Solving Business Problems with WebSphere Extended Deployment

Using WebSphere Extended Deployment's Long Running Execution Model to asynchronously access enterprise applications deployed in WebSphere

This article provides an overview of the batch processing capabilities of WebSphere Extended Deployment's Business Grid technology and provides several examples of real business solutions. The Business Grid is a long-running execution environment that allows your business applications to be accessed in a batch-like, asynchronous manner. This article assumes that you have a basic understanding of J2EE™ technology and the role of application servers in enterprise application integration.

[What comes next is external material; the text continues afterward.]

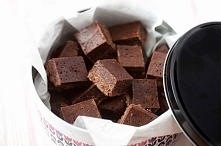 CZEKOLADKI KOKOSOWE ZE ŚLIWKĄ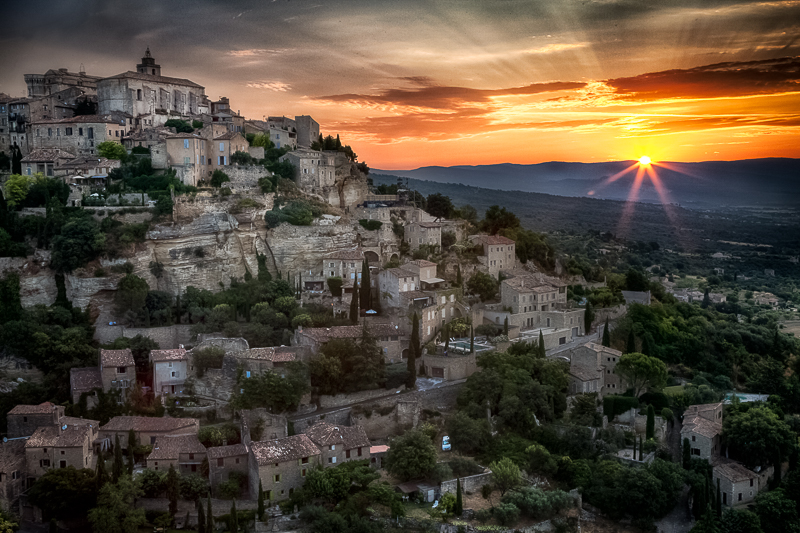 beautiful,brilliant,europe,france,gordes,horizontal,southern,sunrise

Snehal Antani, Consultant, IBM

Snehal is a consultant for IBM Software Services (ISSW), supporting large scale enterprise customers with WebSphere Application Server and WebSphere Extended Deployment projects for distributed and z/OS systems. Snehal is based out of the IBM Poughkeepsie lab and his prior experience includes development for Web services, Application Versioning, Security, EJB Container, and Performance for WebSphere Application Server for z/OS and WebSphere Extended Deployment.

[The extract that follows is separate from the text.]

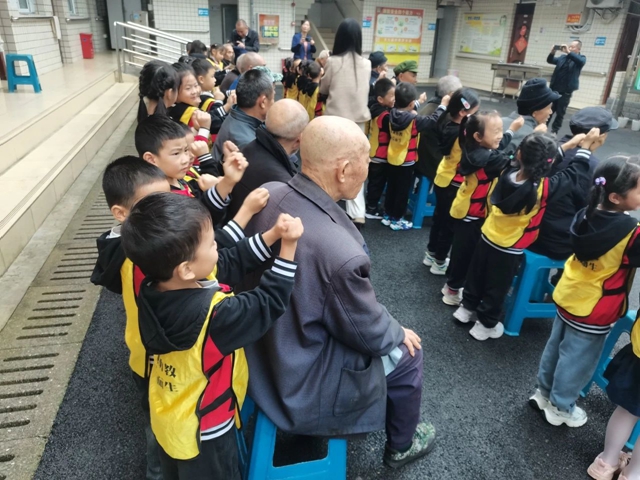 关爱老人,泸州龙马潭、合江新联会开展重阳节系列活动(图2) 微信图片_20241012114449.jpg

developerWorks Contributing author
        level

Mohammad Fakhar, Software Engineer, IBM

Mohammad Fakhar is a WebSphere Consultant with IBM Software Services for WebSphere in Dubai. He was part of the WebSphere XD product development team and provides consulting services for the WebSphere Virtual Enterprise product.



28 June 2006

Introduction

J2EE architecture emphasizes centralizing core business logic into reusable applications. These applications become easier to maintain when centralized and deployed to middleware such as WebSphere. Modern middleware addresses many significant problems that had plagued traditonal IT infrastructures- ensuring that the application is highly available, scalable, and secure, and that data integrity is robust. One key feature that J2EE application servers do not directly address however is the ability to access business logic asynchronously in a batch processing environment

Asynchronous batch processing is an integral part of any complete IT solution and has existed on the mainframe for decades. Banking solutions use batch exhaustively, for example, to assess interest on accounts or compute credit ratings. As J2EE and open standards become more pervasive in the marketplace, business applications will migrate from native technology to these open standards and run on middleware such as WebSphere. In this evolution, businesses will lose the ability to efficiently access those business applications asynchronously. WebSphere Extended Deployment (hereafter called Extended Deployment) delivers Business Grid technology to help address this problem. Business Grid is the overall execution environment for two types of workloads- Compute Intensive and Batch. While Business Grid encompasses both workload types, this article focuses on batch processing and how it is managed by the Business Grid.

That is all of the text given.